━━ Task input ━━
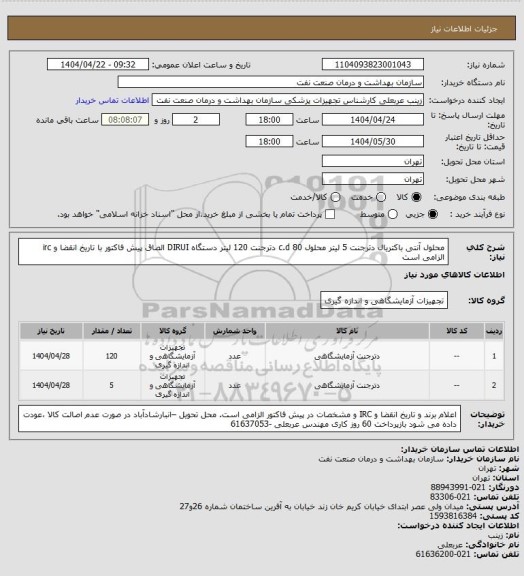 استعلام محلول آنتی باکتریال دترجنت  5  لیتر
محلول c.d 80  دترجنت 120 لیتر 
دستگاه DIRUI
الصاق پیش فاکتور با تاریخ انقضا و irc الزامی است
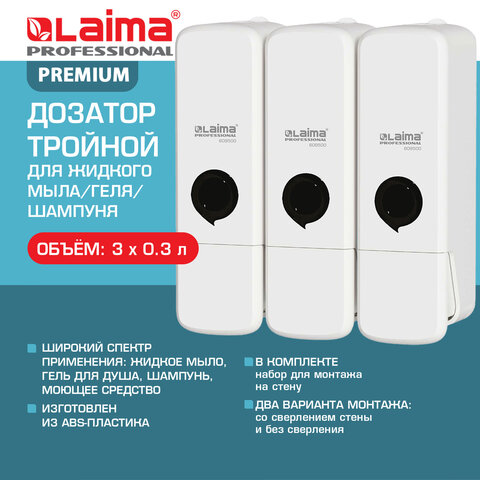 Дозатор тройной 3 х 0.3 л для жидкого мыла/шампуня/геля LAIMA PREMIUM, НАЛИВНОЙ, белый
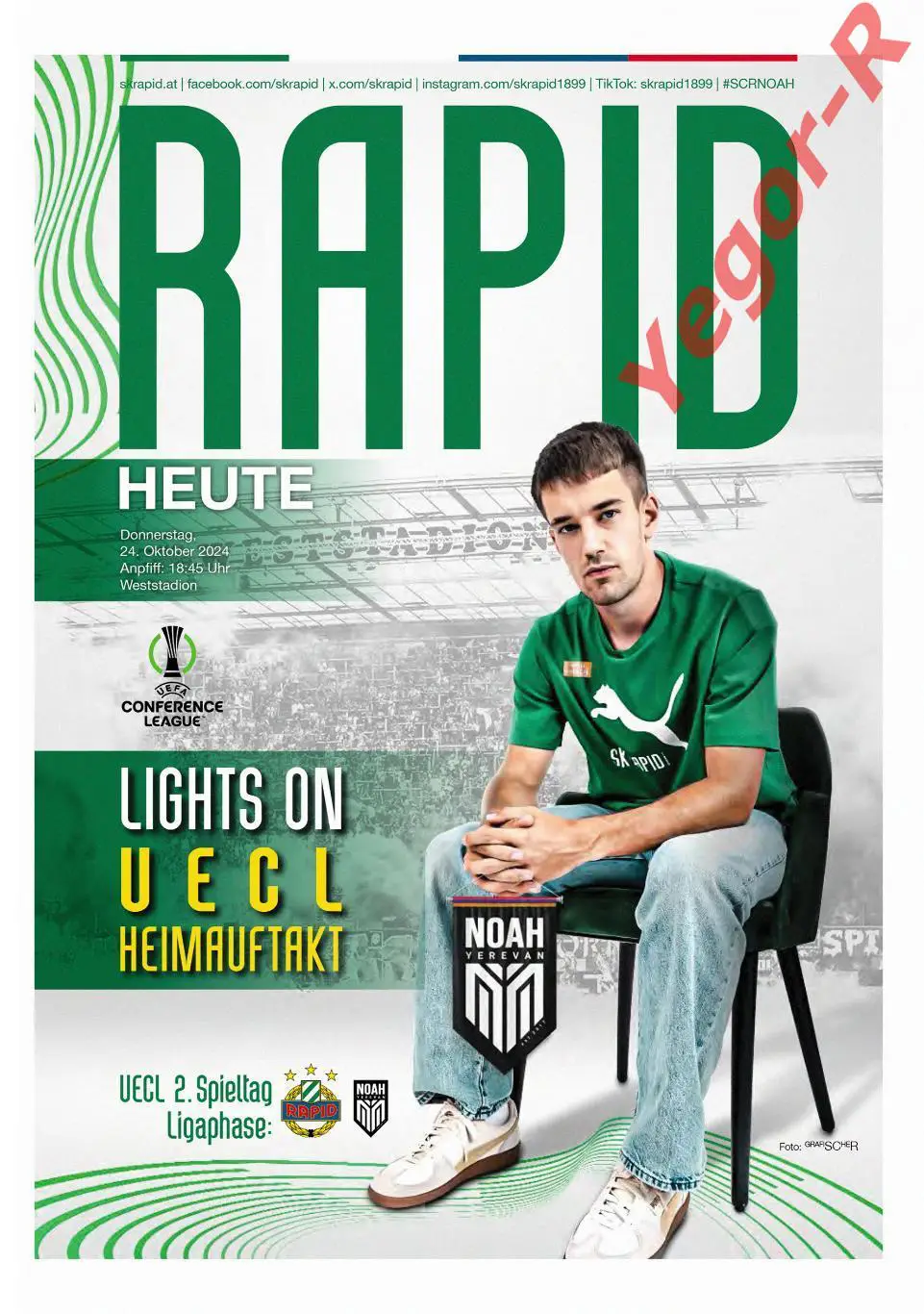 РАПИД Вена Австрия - НОА Ереван Армения 24 октября 2024 ЛК ОФИЦИАЛЬНАЯ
━━━
Prompt:
Beginning with the line that contains "Дозатор тройной 3", reproduce every line through the end of the records above exactly, leaving pictures out.

Written answer:
 Дозатор тройной 3 х 0.3 л для жидкого мыла/шампуня/геля LAIMA PREMIUM, НАЛИВНОЙ, белый
 РАПИД Вена Австрия - НОА Ереван Армения 24 октября 2024 ЛК ОФИЦИАЛЬНАЯ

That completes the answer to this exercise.